Single by The Real Thing

from the album 4 from 8
- B-side: "Topsy Turvy"
- Released: 1977
- Genre: Soul, Pop
- Label: Pye Records 7N 45701
- Songwriter(s): Chris Amoo, Eddie Amoo
- Producer(s): Chris & Eddie Amoo for Tony Hall Productions

= Love's Such a Wonderful Thing =

"Love's Such a Wonderful Thing" is a song released in 1977 by the UK band The Real Thing taken from their album 4 from 8. The song peaked at #33 on the UK Singles Chart.

==Background==
The song was written, arranged and produced by brothers Chris Amoo and Eddie Amoo. The B side "Topsy Turvy" was written by the Amoo brothers but produced and arranged by Jerome Rimson.

==Samplings of "So Much Love to Give"==

The song contains the lyrics "I've got so much love to give". The phrase and music has become popular by various DJ and music producers and subject of many adaptations.

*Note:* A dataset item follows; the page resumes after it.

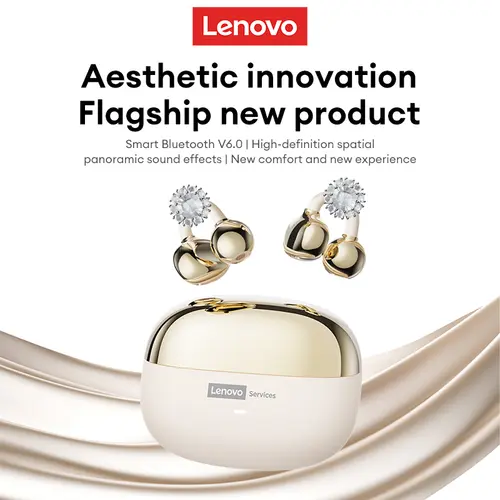 Choice Lenovo LE302 OWS Ear clip Wireless Earphones Low Latency HD Call Bluetooth Headphones HiFi Music Sport Fashion Earbuds - Image 4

The French house duo Together, consisting of Thomas Bangalter and DJ Falcon used the line and music in their release "So Much Love to Give". The 12" single released in 2002 contains the sample, repeating it throughout the song.

The sample was also used by Freeloaders in their 2005 single also titled "So Much Love to Give", which reached #9 on the UK chart.

The music segment but without the actual usage of the phrase "So much love" was utilized in Uniting Nations 2005 hit "You and Me"

The sample for "So Much Love" was also used by Fedde Le Grand in his song "So Much Love" in 2011.

The Hungarian deep house / progressive house DJs Muzzaik & Stadiumx used it in their song "So Much Love" in 2016.